David is a crowd pleaser, particularly if we are speaking with high school or college students. I always ask him to be frugal with his language and he always promises he will. It never works out like that! I’ve only received one complaint about his non stop use of the word fuck and that was from a born again who took exception to David being in her school. She confronted him in the classroom about his language. I held my breath while I watched the wheels turning in his mind on how outrageous he was going to reply to her.  The kids were all at their most attentive when he replied. “I’m sorry. It’s just that when you are afraid all the time you like to pretend like you’re not.”
Dead silence in the classroom followed by clapping and cheering.
“I don’t know whether I want to think I became infected through contact with a woman or from picking up a dirty needle. I guess I prefer the needle, as then I don’t have to think about a woman out there infecting others. Shit, I don’t know how many times we had people in a hotel room or on the road that were sharing our needles. Never thought much about it but I wasn’t thinking clearly most of the time. Safe sex was a joke. The heaps of flesh we waded through didn’t offer objections or suggestions so you did what you did and you moved on. Crazy, huh! To be so fucked up you can’t think about what you’re doing with or to others around you.”
David became positive about four years ago.

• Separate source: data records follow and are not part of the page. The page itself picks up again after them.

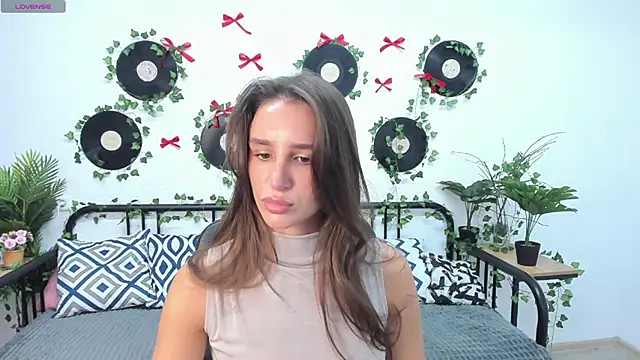 NicoleWells22 online show from June 18, 2026, 6:23 am
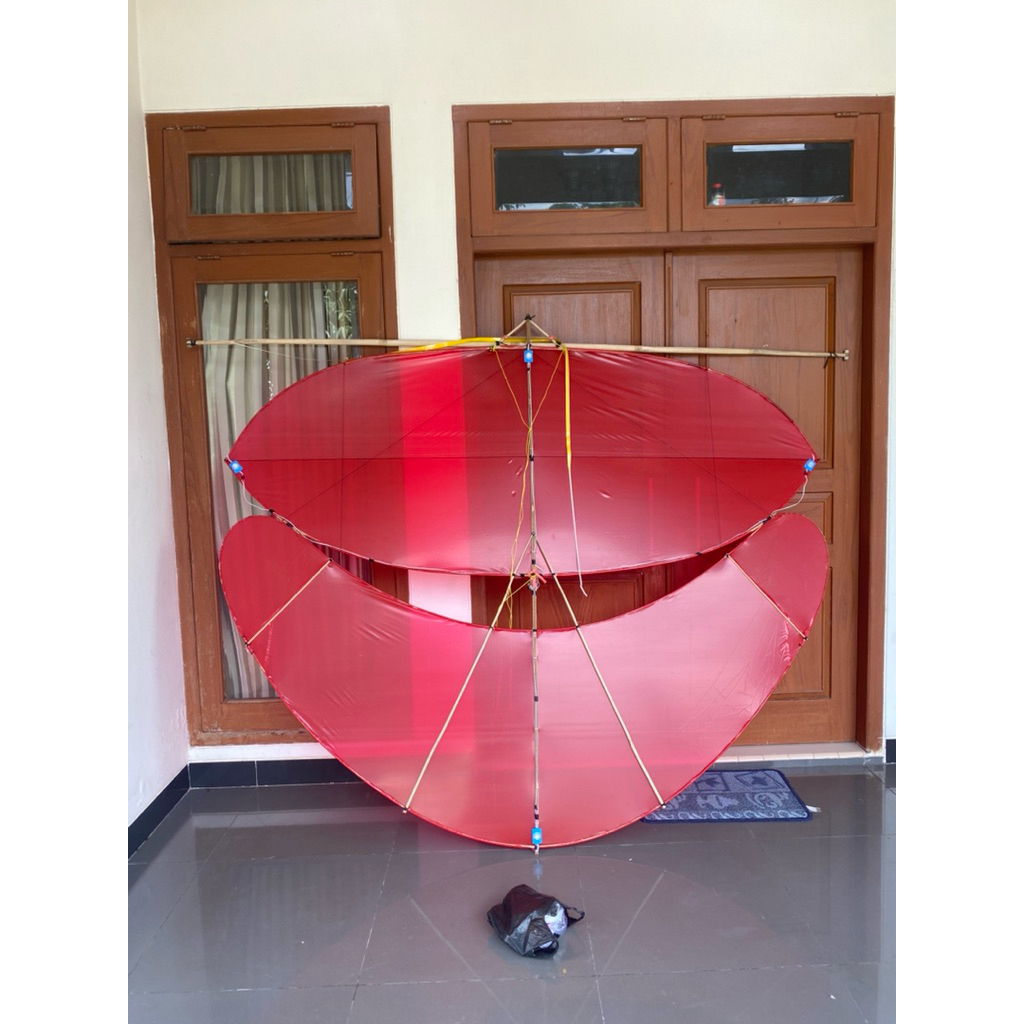 KERANGKA LAYANGAN GAPANGAN 2 METER SUDAH TERMASUK SENDAREN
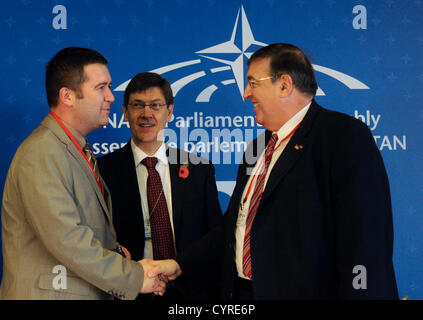 Präsident der NATO parlamentarische Versammlung Karl Lamers (rechts) schüttelt seine Hand mit dem Leiter der Tschechischen Delegation an die NATO parlamentarische Versammlung Jan Hamacek während einer Pressekonferenz auf der Jahrestagung der Parlamentarischen Versammlung der NATO in Prag, Tschechische Republik, 9. November 2012. Parlamentarische Versammlung der NATO David Hobbs sieht man im Zentrum. (Foto/Michal Kamaryt CTK) Stockfoto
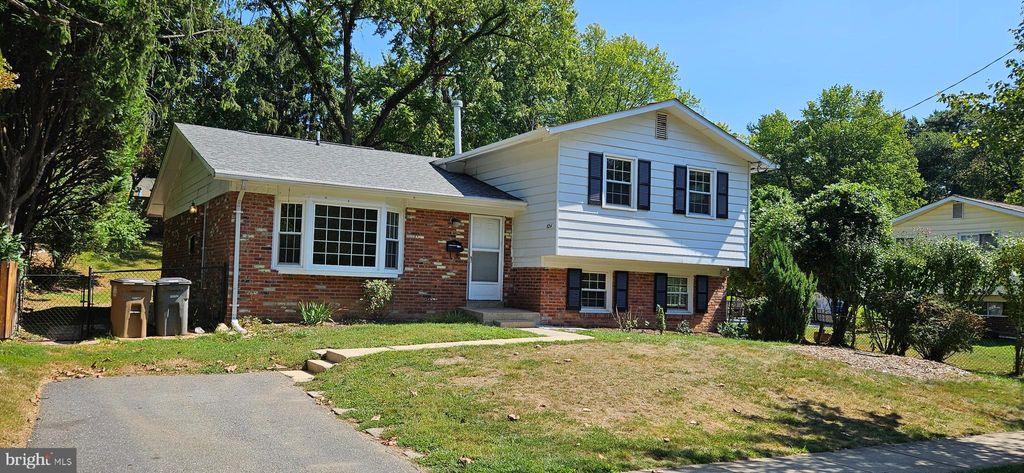 Photo of 824 Cabin John Parkway, ROCKVILLE, MD 20852 (MLS # MDMC2199850)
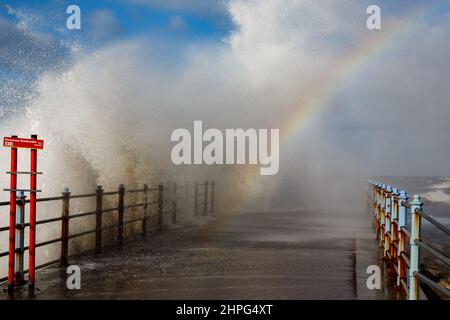 Heysham, Lancashire, Royaume-Uni. 12th févr. 2022. La lumière du soleil réfractée dans la pulvérisation forme un arc-en-ciel au-dessus de l'eau de rupture de Grosvenor à Heysham crédit: PN News/Alamy Live News Banque D'Images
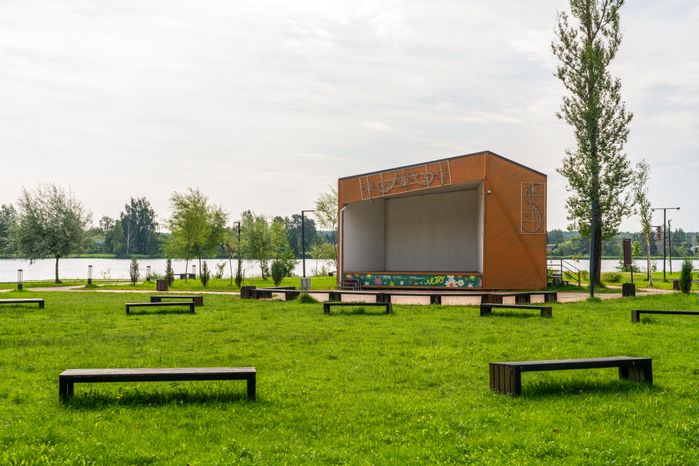 Сцена в парке культуры и отдыха «Солнечный берег» поселка Запрудня Талдомского округа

“I was feeling shitty. More than usual. I tried to cut down on the drugs by increasing my consumption of alcohol. (Laughing) Well, that didn’t seem to be working as every morning I was tossing my cookies even before I coughed down the first smoke of the day. After about a month or this I wandered into the health clinic down in the market. I didn’t fool them for a second as their first questions were about my drug and alcohol use. Hell, I think I was loaded when I went in the clinic. I filled out their questionnaire and let them prod me a few times taking my blood. One of the nurses told me she bet I was suffering from hepatitis. Would have been nice to have kept her guessing to herself but she was kinda cute and I didn’t want to push her off. The doc shot me full of vitamins and gave me the doc talk on how I was fucking up my life blah blah blah. Heard it before. Heard it from myself more than once. As soon as I could I left with a promise of checking back in a week to get the results of the blood work. I did. Positive. A bomb dropped on me by the cute nurse and a different doc. What I recall the most was that they said it wasn’t a death sentence and I could get support etc. I recall thinking about where to score some smack while they were telling me I would have a pretty happy life if I took charge of my life. Life. Fuck. It was over.  Gimmee some happy drugs and set me adrift on Fantasy Island.”
If David shares how he became infected with an audience he is always humorous and self-effacing. He is ironic, according to himself.   Not sure I understand that but I think I get a glimpse into what he’s thinking about himself. I get it the most when he talks about the loneliness that carpets him. He’s a nice guy trying his best.